Des capacités de production bientôt augmentées

Avec 8.000 m2 de bâtiments répartis sur une réserve foncière de 8,5 hectares, Safra peut sortir actuellement 30 à 40 bus par an. « Nous devons aller au-delà de 100 bus par exercice. Des agglomérations comme Dijon et Montpellier, par exemple, souhaitent disposer de plus de 20 exemplaires de bus H2 en première tranche. D’ici 2022, nous allons passer à une capacité de production de 150 unités par an. Et ce, en construisant 7.000 m2 de locaux supplémentaires », a détaillé Jean-Christophe Hoguet.

« Avec un chiffre d’affaires de 12 millions d’euros en 2020, nos effectifs sont de 150 salariés. D’ici 2023, 400 emplois supplémentaires devraient être créés », a-t-il anticipé. « Nous ne sommes pas encore présents à l’international. Mais nous pensons nous étendre dans les pays proche de la France. Ainsi au Benelux, en Suisse, en Allemagne, en Italie et en Espagne où nos configurations de bus sont adaptées. Nous pensons ensuite à l’Europe du Nord, où les autobus sont davantage conçus comme des autocars », a-t-il révélé.

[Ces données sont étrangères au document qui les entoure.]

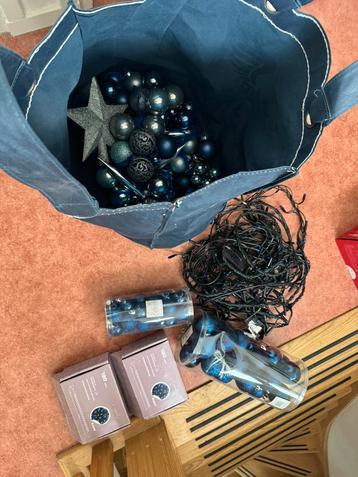 Kerstversiering blauw beschikbaar voor biedingen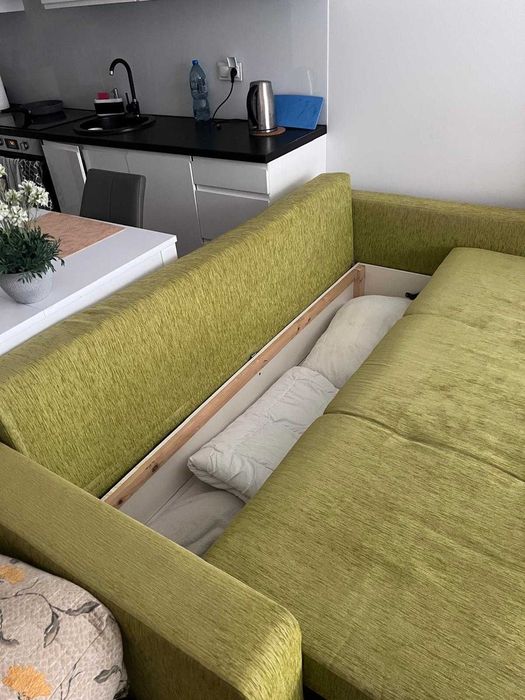 Kanapa rozkładana z pojemnikiem na pościel – 235 cm, stan dobry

Retenus par l’UGAP et la Centrale d’achat spécialisée dans le transport public, le Businova H2 est disponible en 10,5 et 12 mètres de long. « Nous devrions lancer en 2023 une déclinaison articulée 18 mètres. Nous sommes actuellement en phase de conception détaillée. Le prototype homologué devrait être présenté fin 2022 », a-t-il avancé. « Avec la région Occitanie, nous avons un projet de conversion à l’hydrogène d’autocars diesel », a-t-il conclu.